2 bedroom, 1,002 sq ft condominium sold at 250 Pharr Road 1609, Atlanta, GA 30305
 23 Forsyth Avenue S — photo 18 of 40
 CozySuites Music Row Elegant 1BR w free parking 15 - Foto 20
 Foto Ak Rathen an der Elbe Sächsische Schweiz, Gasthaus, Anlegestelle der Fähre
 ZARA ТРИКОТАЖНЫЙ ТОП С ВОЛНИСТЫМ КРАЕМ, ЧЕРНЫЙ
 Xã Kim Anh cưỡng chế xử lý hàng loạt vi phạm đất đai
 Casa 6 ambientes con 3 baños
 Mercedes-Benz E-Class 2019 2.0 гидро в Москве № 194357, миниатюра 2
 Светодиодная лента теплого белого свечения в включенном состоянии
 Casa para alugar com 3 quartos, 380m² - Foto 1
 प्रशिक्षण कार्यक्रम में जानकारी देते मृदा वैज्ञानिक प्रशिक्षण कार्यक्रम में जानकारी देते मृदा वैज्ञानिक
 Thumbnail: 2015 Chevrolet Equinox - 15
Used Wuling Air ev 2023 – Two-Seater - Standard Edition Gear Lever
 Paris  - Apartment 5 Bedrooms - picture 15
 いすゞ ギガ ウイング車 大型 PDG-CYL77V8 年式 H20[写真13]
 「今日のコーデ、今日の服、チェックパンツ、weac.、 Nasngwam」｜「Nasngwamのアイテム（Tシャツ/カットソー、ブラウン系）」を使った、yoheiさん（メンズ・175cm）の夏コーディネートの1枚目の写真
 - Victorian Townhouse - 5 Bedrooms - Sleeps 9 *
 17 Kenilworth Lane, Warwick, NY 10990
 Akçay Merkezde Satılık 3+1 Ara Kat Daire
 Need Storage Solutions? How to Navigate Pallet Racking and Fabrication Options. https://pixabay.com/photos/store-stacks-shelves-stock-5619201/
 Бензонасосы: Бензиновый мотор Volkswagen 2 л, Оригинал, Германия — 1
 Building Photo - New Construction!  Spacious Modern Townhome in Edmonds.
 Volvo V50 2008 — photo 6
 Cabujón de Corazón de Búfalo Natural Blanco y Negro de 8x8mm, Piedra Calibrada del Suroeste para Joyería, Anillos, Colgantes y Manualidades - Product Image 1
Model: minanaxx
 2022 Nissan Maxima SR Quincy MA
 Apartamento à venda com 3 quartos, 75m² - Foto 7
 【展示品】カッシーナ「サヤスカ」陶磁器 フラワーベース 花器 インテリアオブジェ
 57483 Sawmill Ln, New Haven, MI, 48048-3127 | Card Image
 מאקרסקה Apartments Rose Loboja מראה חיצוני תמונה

^^^^

(To do):
In the entries above, locate every line with the word "quartos" and copy it.

(Answer box):
 Casa para alugar com 3 quartos, 380m² - Foto 1
 Apartamento à venda com 3 quartos, 75m² - Foto 7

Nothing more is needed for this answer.